- _MATERIAL PROVIDED_

━━━━━━━━

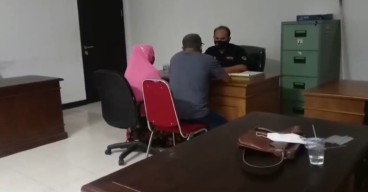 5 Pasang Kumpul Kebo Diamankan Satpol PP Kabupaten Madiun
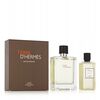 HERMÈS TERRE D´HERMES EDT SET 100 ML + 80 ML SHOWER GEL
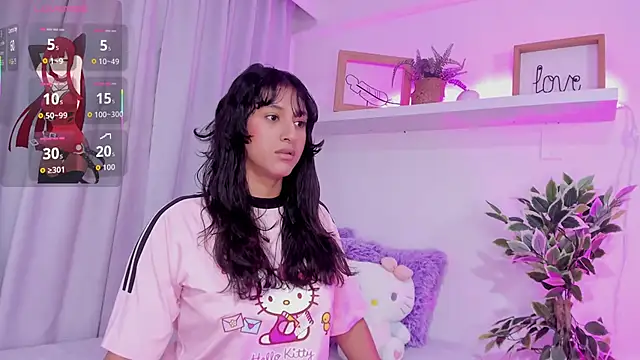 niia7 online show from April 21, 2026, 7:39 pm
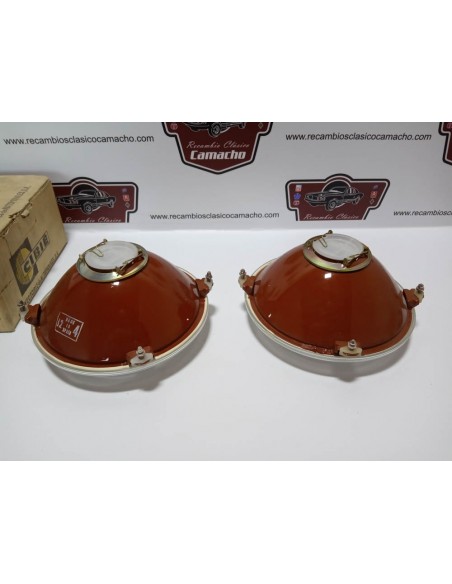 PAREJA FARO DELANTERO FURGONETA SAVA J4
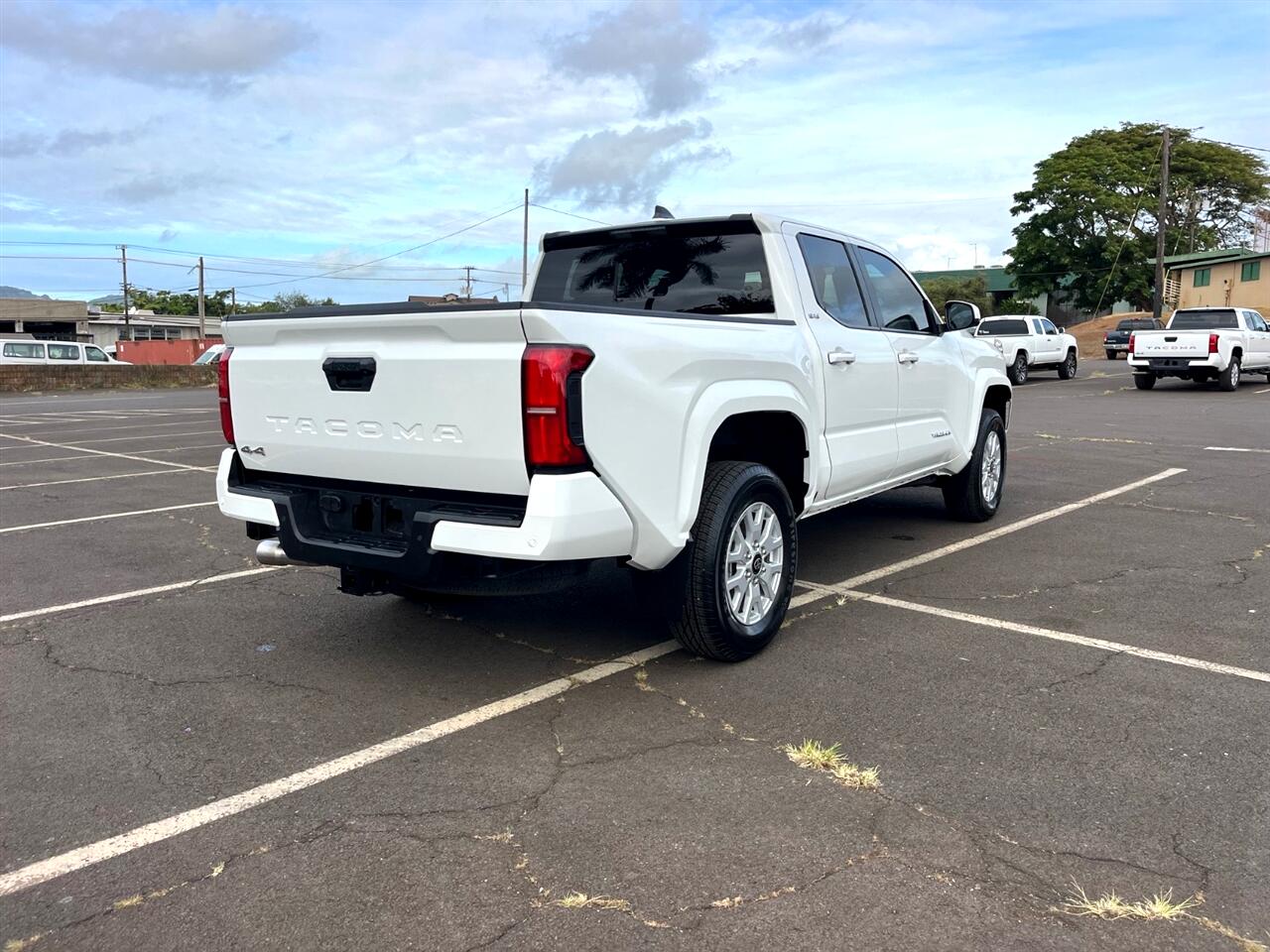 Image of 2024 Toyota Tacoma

━━━━━━━━

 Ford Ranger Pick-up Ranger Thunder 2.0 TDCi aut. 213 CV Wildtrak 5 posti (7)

━━━━━━━━

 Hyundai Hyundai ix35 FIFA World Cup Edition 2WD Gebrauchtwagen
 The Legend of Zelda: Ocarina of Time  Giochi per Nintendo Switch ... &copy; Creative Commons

━━━━━━━━

- _WORK REQUIRED_
Could you transcribe exactly the entries above, but only the lines from the one with "PAREJA FARO DELANTERO FURGONETA SAVA J4" through the one with "Image of 2024 Toyota Tacoma", and without pictures?

- _ANSWER SECTION_
 PAREJA FARO DELANTERO FURGONETA SAVA J4
 Image of 2024 Toyota Tacoma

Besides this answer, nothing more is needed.